Task instructions: With the pictures omitted, write out all of the listing exactly.

Data excerpt:
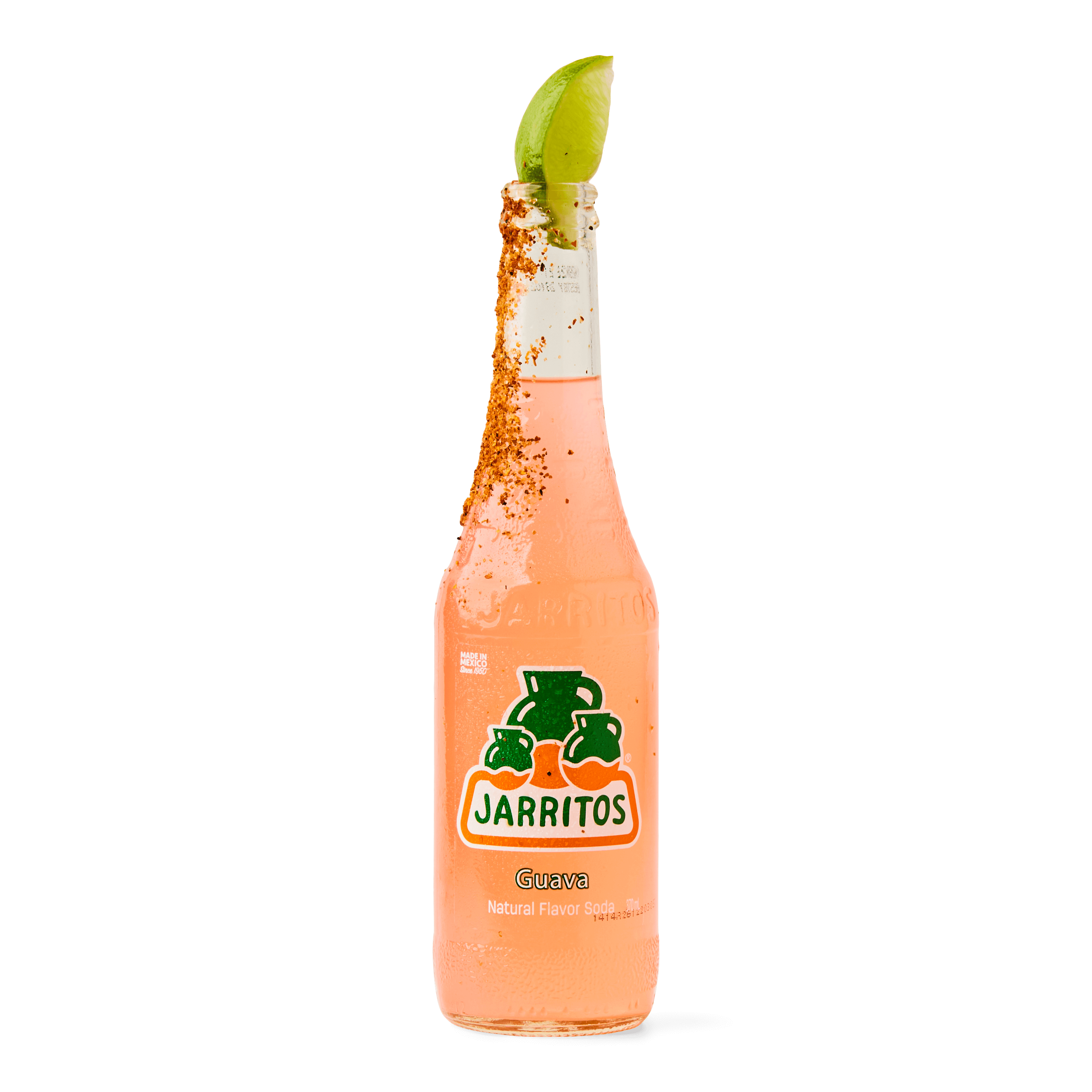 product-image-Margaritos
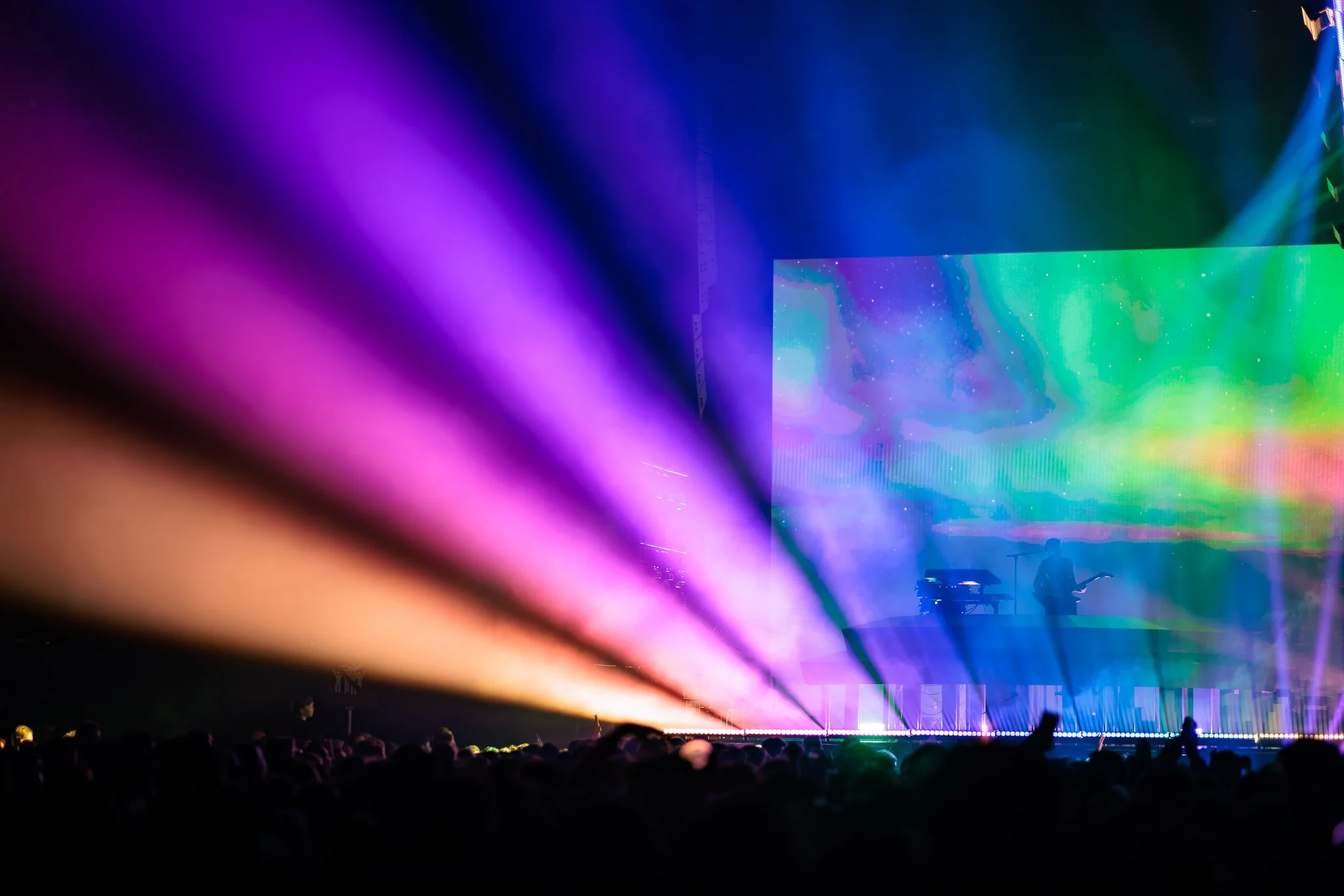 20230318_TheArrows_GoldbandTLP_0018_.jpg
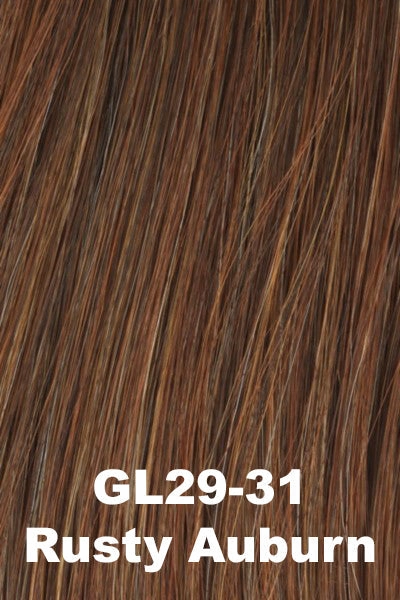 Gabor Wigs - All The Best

Task answer:
 product-image-Margaritos
 20230318_TheArrows_GoldbandTLP_0018_.jpg
 Gabor Wigs - All The Best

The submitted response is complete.